The harder work is capturing accurate tool call records. If your agent framework does not already serialize tool inputs and outputs, you will need to wrap the tool executor. For MCP-based agents, the tool call boundary is already well-defined, which makes capture simpler. Fast.io's MCP server at /storage-for-agents/ exposes each action as a discrete tool call, and the MCP documentation covers the request and response shape that your capture layer needs to record.

A few failure modes come up repeatedly. The first is prompt leakage through the manifest.

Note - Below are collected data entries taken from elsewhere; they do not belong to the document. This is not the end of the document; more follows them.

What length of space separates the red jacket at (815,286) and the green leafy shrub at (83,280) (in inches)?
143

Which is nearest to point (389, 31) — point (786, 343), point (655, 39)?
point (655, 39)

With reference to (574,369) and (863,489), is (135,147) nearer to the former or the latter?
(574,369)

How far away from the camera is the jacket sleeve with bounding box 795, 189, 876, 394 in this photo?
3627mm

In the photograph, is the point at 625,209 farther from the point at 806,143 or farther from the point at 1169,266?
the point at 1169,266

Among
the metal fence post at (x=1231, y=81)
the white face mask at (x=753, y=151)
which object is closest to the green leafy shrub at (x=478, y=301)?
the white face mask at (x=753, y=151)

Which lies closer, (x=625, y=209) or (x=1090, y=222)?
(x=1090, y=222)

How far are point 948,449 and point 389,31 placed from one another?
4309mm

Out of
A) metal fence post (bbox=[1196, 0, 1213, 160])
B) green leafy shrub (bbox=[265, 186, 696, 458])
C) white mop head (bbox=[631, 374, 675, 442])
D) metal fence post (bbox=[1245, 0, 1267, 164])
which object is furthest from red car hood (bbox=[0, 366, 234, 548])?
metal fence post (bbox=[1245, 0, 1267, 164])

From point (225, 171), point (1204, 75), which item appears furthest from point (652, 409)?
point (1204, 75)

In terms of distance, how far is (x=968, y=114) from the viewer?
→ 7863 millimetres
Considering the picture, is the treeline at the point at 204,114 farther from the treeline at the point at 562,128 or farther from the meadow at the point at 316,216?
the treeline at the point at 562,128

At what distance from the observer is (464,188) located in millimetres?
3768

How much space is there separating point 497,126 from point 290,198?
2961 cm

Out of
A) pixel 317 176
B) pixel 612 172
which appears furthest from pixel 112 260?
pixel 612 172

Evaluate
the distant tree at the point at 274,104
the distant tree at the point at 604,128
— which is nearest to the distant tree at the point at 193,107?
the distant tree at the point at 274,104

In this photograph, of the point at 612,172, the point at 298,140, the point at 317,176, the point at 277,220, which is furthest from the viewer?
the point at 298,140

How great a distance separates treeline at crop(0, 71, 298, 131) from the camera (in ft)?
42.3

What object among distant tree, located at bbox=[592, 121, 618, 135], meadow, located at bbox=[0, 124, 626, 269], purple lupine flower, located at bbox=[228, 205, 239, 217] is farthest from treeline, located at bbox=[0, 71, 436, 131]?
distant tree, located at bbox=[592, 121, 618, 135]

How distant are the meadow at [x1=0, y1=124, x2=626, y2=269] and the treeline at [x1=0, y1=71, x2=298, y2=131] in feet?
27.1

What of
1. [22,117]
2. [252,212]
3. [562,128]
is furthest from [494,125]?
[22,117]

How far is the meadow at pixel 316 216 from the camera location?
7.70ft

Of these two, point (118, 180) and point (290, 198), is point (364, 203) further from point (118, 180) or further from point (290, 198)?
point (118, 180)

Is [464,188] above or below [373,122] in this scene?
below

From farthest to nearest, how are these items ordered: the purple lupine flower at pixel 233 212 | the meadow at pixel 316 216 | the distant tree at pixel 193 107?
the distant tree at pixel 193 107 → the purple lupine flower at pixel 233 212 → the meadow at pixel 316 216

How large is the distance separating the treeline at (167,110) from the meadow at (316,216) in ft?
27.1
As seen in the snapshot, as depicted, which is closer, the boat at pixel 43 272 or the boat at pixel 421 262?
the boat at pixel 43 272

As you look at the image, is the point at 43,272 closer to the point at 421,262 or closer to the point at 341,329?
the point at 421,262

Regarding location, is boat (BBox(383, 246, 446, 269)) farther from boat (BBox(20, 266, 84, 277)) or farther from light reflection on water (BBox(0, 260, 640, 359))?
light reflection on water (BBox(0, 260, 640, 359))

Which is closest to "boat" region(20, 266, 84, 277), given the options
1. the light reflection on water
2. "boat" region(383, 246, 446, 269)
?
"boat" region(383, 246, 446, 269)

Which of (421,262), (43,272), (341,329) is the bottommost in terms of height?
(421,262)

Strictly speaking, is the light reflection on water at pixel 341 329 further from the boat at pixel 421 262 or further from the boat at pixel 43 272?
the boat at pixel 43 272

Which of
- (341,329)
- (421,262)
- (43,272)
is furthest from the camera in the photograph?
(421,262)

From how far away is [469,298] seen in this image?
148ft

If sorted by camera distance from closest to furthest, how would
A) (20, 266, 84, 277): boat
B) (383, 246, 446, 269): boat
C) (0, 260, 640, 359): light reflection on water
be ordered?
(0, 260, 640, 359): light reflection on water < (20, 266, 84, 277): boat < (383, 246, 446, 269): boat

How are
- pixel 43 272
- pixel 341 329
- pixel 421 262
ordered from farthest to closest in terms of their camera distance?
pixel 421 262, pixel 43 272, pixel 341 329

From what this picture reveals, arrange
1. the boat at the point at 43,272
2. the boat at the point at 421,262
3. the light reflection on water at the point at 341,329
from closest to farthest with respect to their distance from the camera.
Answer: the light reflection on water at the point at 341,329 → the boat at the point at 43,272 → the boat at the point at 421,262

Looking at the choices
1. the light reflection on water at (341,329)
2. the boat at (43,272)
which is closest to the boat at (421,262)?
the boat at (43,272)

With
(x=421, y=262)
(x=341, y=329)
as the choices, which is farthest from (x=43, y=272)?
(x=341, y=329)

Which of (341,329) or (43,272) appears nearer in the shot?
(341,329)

A well-meaning team hashes the prompt but also stores the plaintext next to it for debugging, then shares the bucket with an auditor and exposes customer data. Separate the verifiable record from the debug log.

The second is timestamp drift. If the signer's clock is wrong, attestations can fail verification against revocation lists. Use a timestamp authority or a trusted time service rather than the agent's local clock.

The third is attestation rot. A signed artifact from 2024 cannot be verified in 2029 if the CA's public key is gone. Archive the full trust chain, not just the signature. Nick Vincent's overview of attestation across the AI supply chain and Truescreen's guidance on prompt traceability both emphasize this point: durability is a storage problem, not a cryptography problem.

The fourth is scope creep in the manifest. Every additional field is a field that future verifiers must understand. Start with a tight schema, version it explicitly, and resist adding runtime fields unless a real verifier needs them.